FM As câmeras são um ativo. Ao contrário da crença popular, em vez de simplesmente apontar indivíduos que fizeram algo errado, o que as câmeras têm feito é esclarecer incidentes. É questão de transparência. Elas também deixam pessoas que ficariam desconfortáveis com abordagens policiais mais tranquilas e relembram ao agente seu dever de servir a população. As forças policiais de modo geral apoiam as câmeras corporais. Elas os deixam mais à vontade do que no início de sua implementação porque muitos deles foram salvos em diversas situações por imagens que provaram acusações falsas contra eles.

EJ Desde o assassinato de Brown, criamos um conselho pelo qual qualquer pessoa que tenha alguma queixa sobre uma abordagem policial ou detenção pode falar diretamente com o chefe de polícia para ter acesso a imagens sobre o ocorrido. Isso faz toda a diferença, porque pode livrar um agente de suspeitas e mantém todos envolvidos honestos, porque sabem que há uma câmera ligada. Quando começamos com o programa de câmeras, cidades vizinhas também as adotaram, e nos sentimos bem de ser modelo.

Quais são os próximos passos em que a cidade tem trabalhado em termos de reforma da polícia?

EJ Vamos continuar treinando agentes da maneira correta e seguir agindo de acordo com o decreto de consentimento. Também vamos continuar criando uma relação forte com a comunidade porque, quando temos policiais visitando bairros apenas para dialogar, as pessoas se sentem mais tranquilas para, quando algo acontecer, chamar esse agente pelo nome e informá-lo o que está ocorrendo.

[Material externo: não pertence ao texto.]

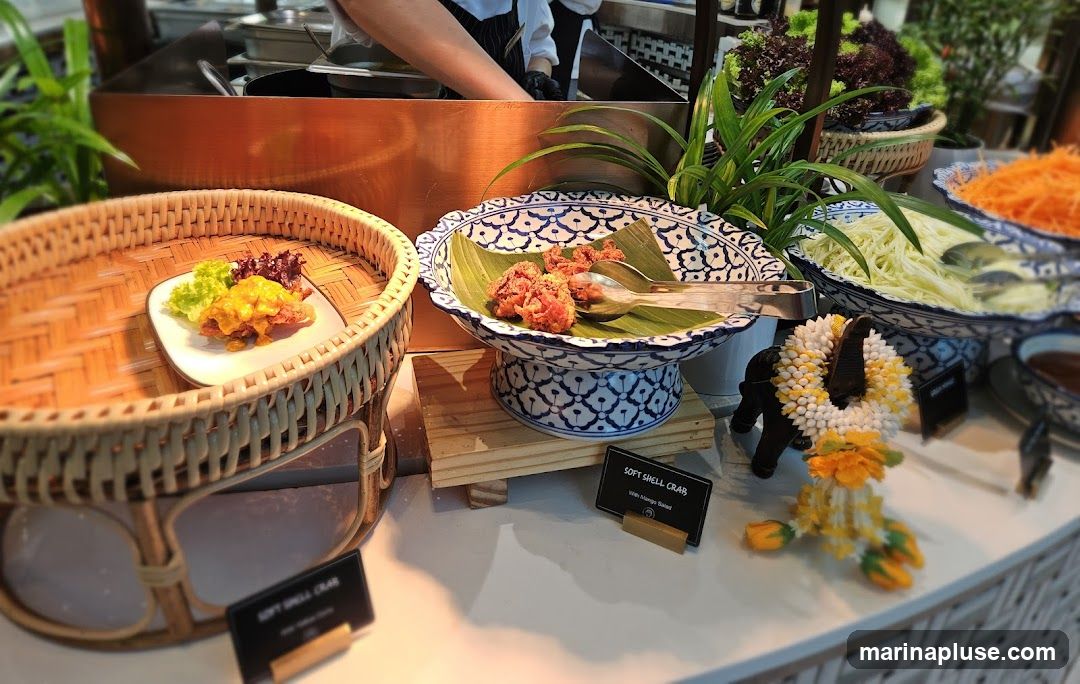 A close-up view of a buffet spread featuring several dishes. In the foreground, a woven basket holds a plate with a piece of food topped with yellow sauce and garnished with lettuce. Next to it, a decorative bowl on a stand contains fried items served on banana leaves, with serving spoons. Further to the right, a bowl of shredded carrots and a bowl of shredded green mango are visible. A decorative elephant figure adorned with a floral garland stands near the mango salad. In the background, a person in a chef's uniform is partially visible, suggesting food preparation. Small black signs with white text identify some of the dishes.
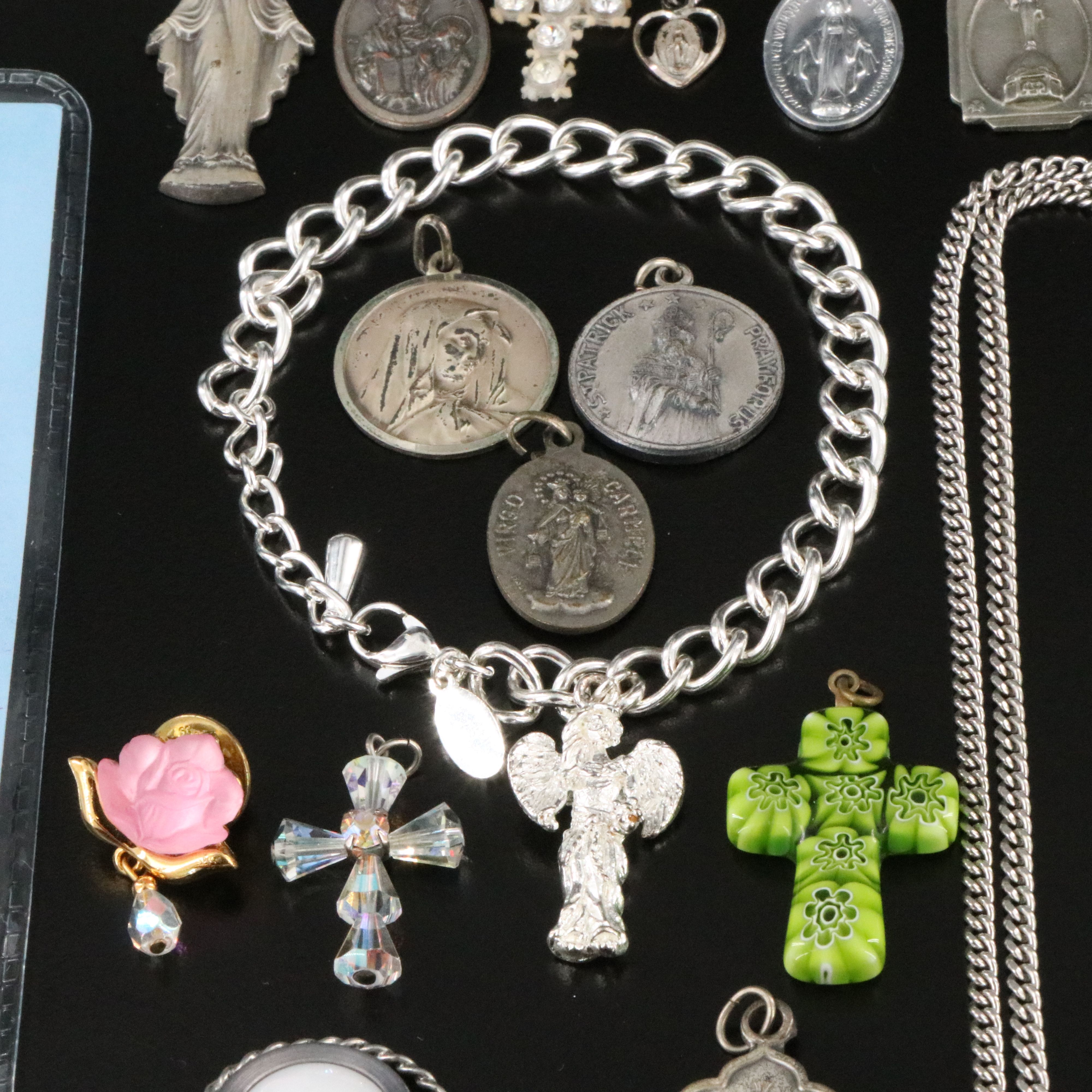 Sterling, Opalescent Glass and Crystal Featured in Ecclesiastical Jewelry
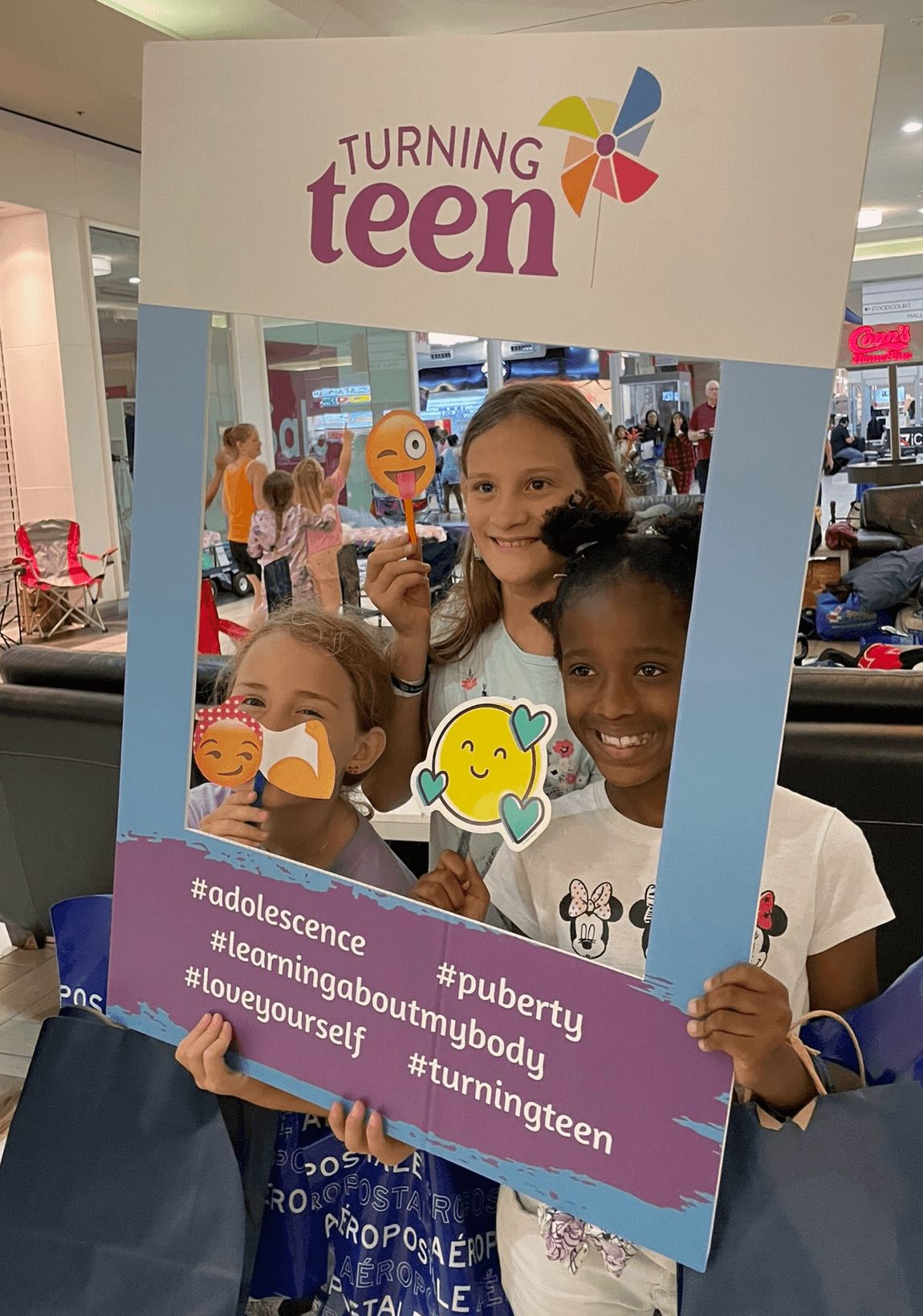 Three children holding a frame with a sign that reads 'Turning teen' and hashtags, smiling and posing for a photo.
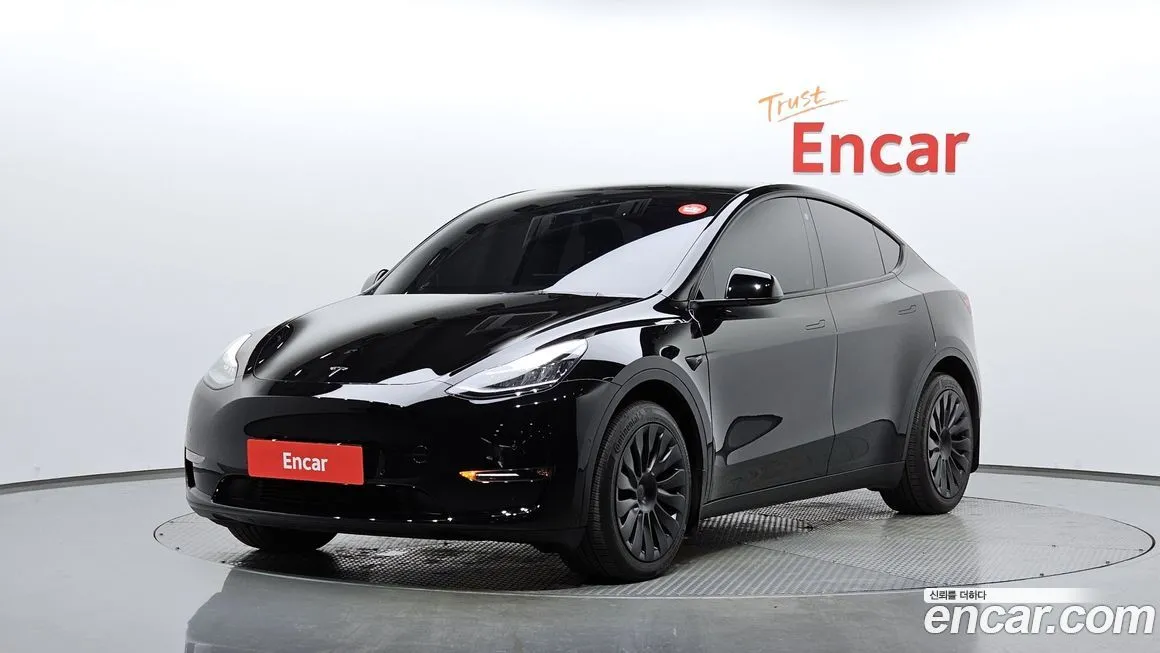 Tesla Model Y — фото 1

E então, quando policiais precisarem responder a algo naquela comunidade, terão informação para sustentar suas ações.

FM Nosso departamento de polícia também nunca foi tão diverso, com o maior número de policiais negros de sua história, a maioria dos quais mulheres negras. Para servir melhor uma comunidade precisamos conhecê-la melhor, falar a mesma língua. Comunicação é a chave.

Ella Jones

Prefeitade Ferguson desde 2020, é a primeira mulher negra a ser eleita para o cargo e para a Câmara de Vereadores da cidade, em 2015. É formada em química pela Universidade de Missouri. Foi pastora da Igreja Episcopal Metodista Africana por 22 anos.

Frank McCall

Chefe de polícia, transferiu-se ao departamento de Ferguson vindo da cidade vizinha de Berkeley em 2016 e foi o primeiro coordenador do acordo entre o governo federal e a cidade para implementação da reforma da polícia. Tornou-se chefe de polícia de Ferguson em 2021.